Breaking Down Barriers to Women’s Land Rights Starts in Our Homes

Nearly 30 years ago, in 1990s, I became a landowner for the first time in Sri Lanka when my father transferred his share of the land that he co-owned with my mother.

by Shahana Mohamed at IPS UN Bureau: Women’s equal rights to land and property are grounded in core human rights instruments, including the Universal Declaration of Human Rights. As established by international standards, women have the right to equality in the enjoyment of all their rights, including the right to access, use, inherit, control, and own land.

Women own less than 20% of the world’s land while half of the world’s population is women,. Women do not have equal ownership rights to property in 15 countries and customs inhibit women’s access to land in 90 countries. Approximately 100 million women live in countries where they can’t own, inherit, or manage land. Nearly half of the global agricultural workforce is female but less than one in five landholders worldwide are women.

For women who are living in poverty, land is not just property; it is their home, survival and income and a chance to feed, clothe, house, and educate their children.

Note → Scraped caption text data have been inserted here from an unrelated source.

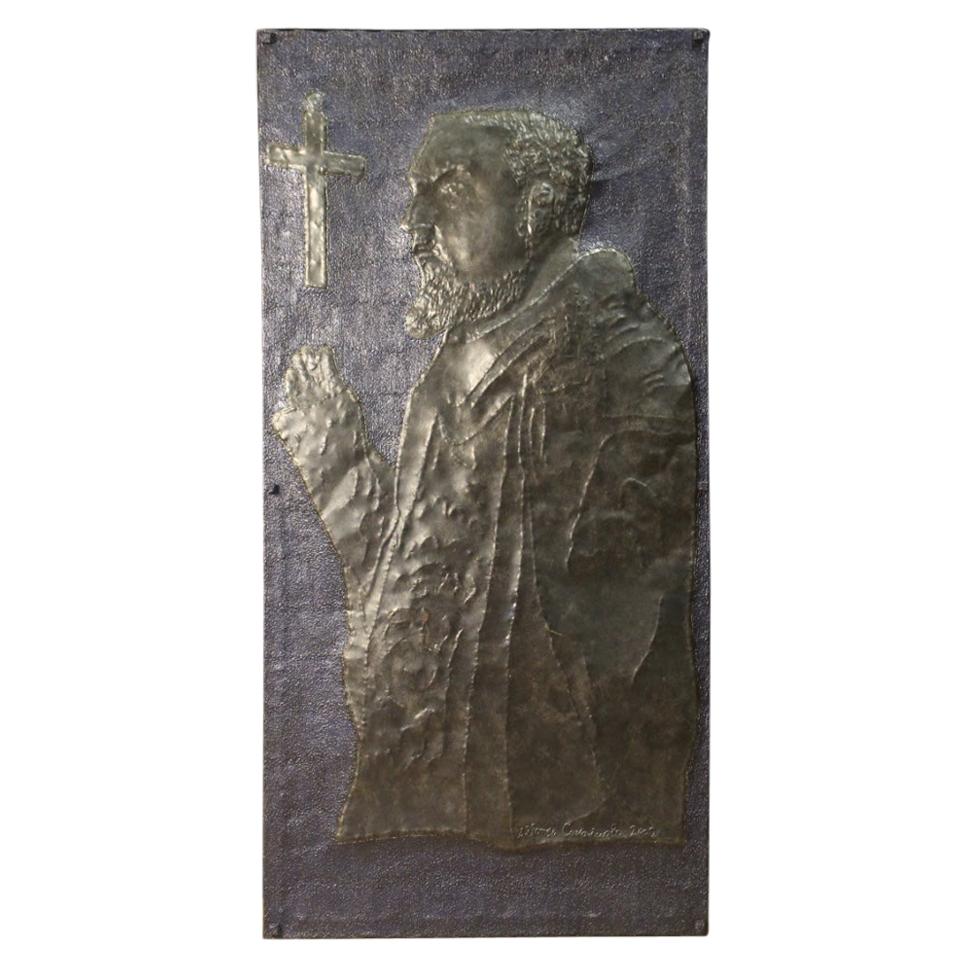 20th Century Painted Chiselled Metal Italian Signed High Relief Sculpture, 2002
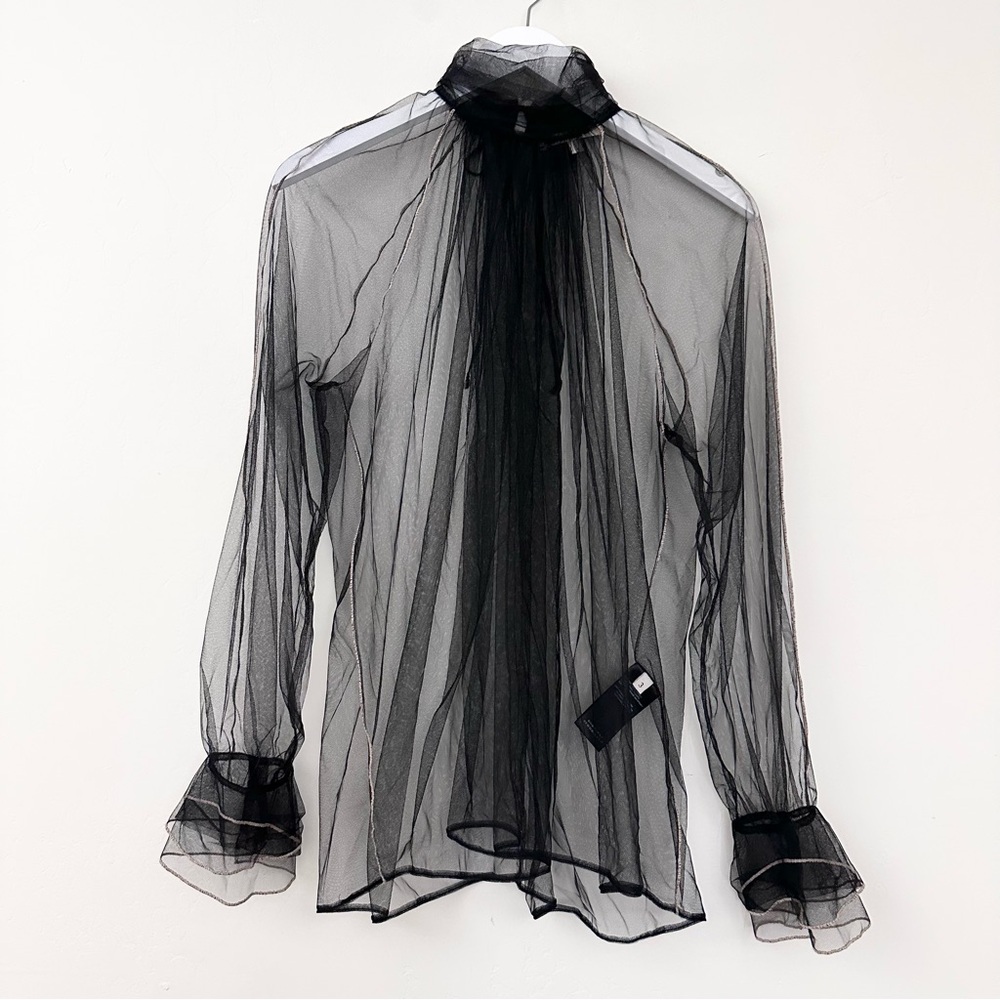 Dorothee Schumacher Mesh Sheer Long Sleeve High Neck Blouse
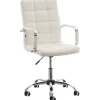 Bureaustoelen|Bureaustoelen-CLP Bureaustoel Deli V2 chroom Frame - Kunstleer - wit
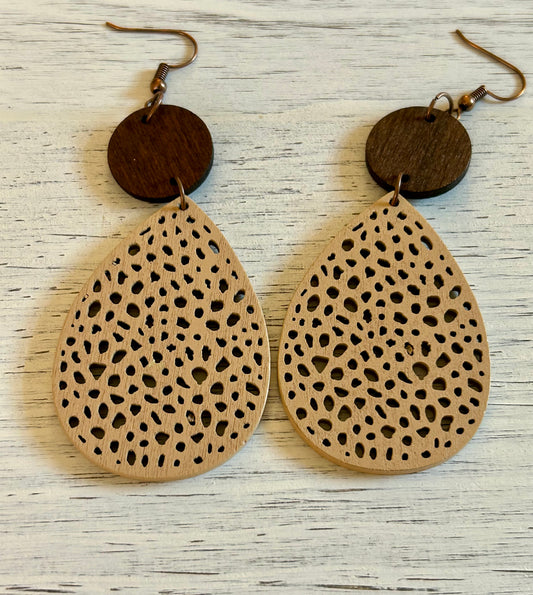 Wood and Leather teardrop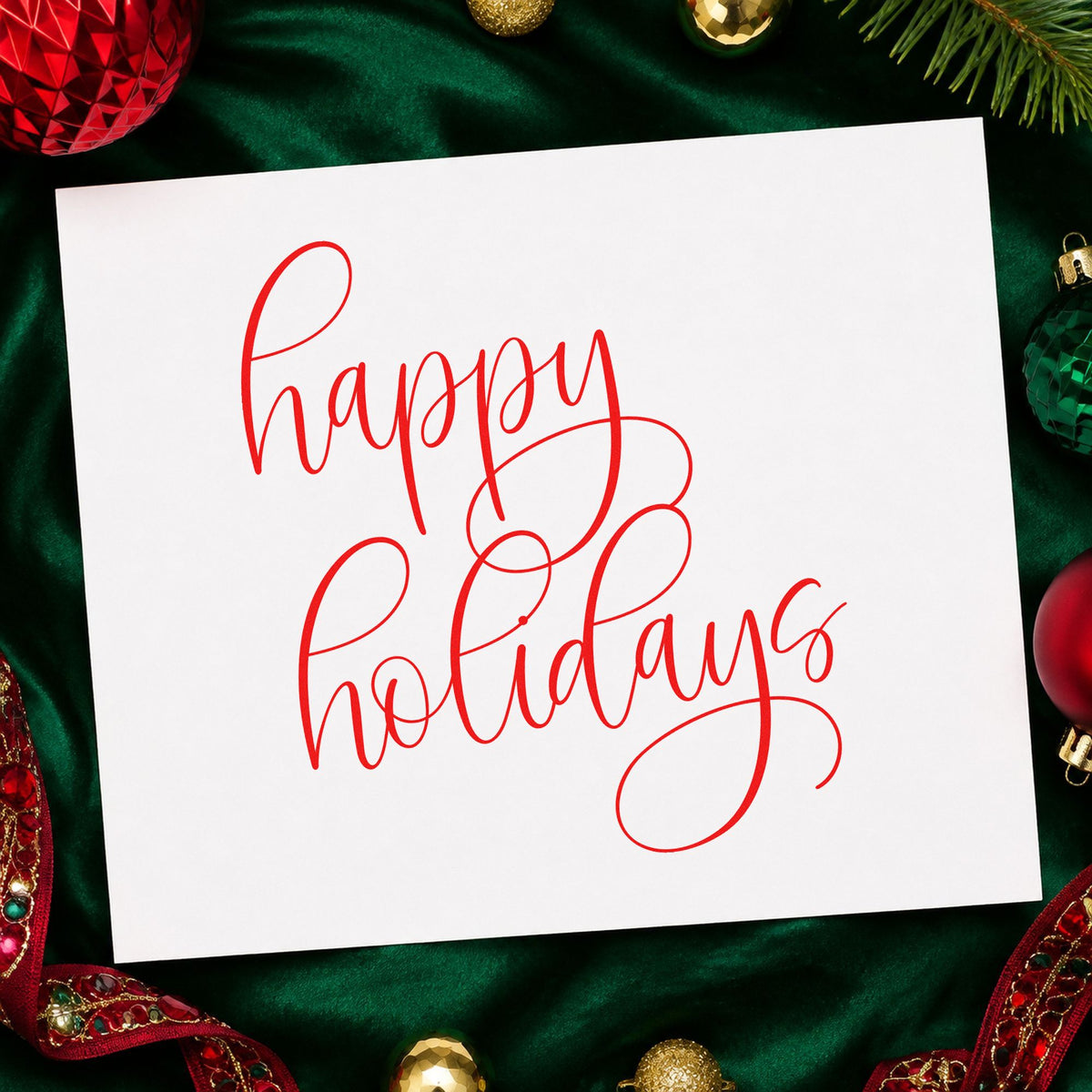 Happy Holidays Flourished Calligraphy rubber stamp shown in red ink, stamped for projects such as sachet sleeve labels.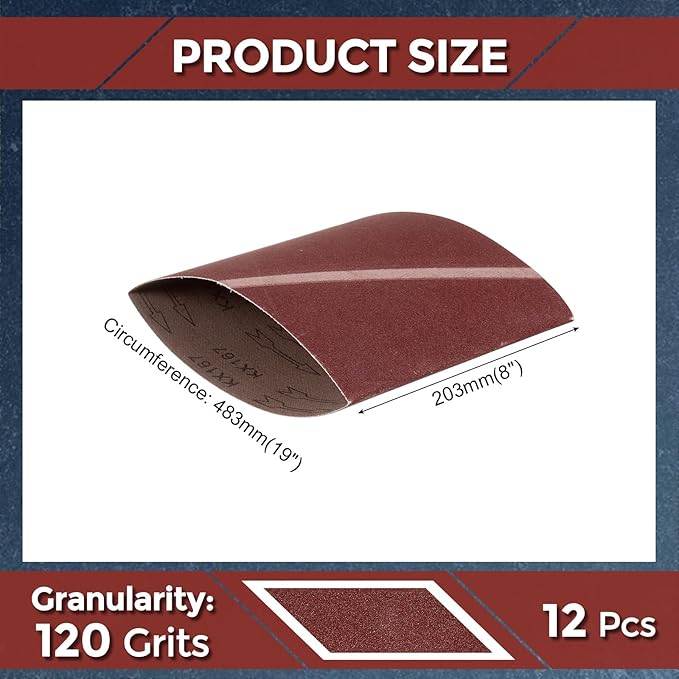 5 Pcs Sanding Belts 8 x 19 Inch 120 Grit Aluminum Oxide Abrasive Sandpaper for Belt Sander Metal Grinding Wood Working Weld Rust Removal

When women farmers have access to their own land, they grow more and so do their communities and countries. Hence, strengthening women’s land and property rights increases food security and reduces malnourishment. If more women owned land, more people might be fed.

Throughout history, land has been a primary source of wealth, social status, and power. Owning land is a powerful pathway for women towards improving social and economic stability, increasing autonomy from their husbands/partners and other relatives, and fostering dignity and improved wellbeing. Ownership of land and property empowers women, providing income and security.

Without resources like land, women have limited say in household decision-making and no recourse during emergencies and crises. Land is also a source of fostering self-reliance for women as secure land rights provide women with an asset base that can be used to obtain credit for business investments and home mortgages, avoiding risky loans with higher interest rates and debts.

Our grandfathers, fathers, uncles, brothers, and sons have bigger roles to play in reversing the gender gap in land ownership rights. We also need the support and solidarity of our grandmothers, mothers, aunts, sisters, daughters, and friends to fully enjoy women’s right to land ownership as equally as any man.

More here.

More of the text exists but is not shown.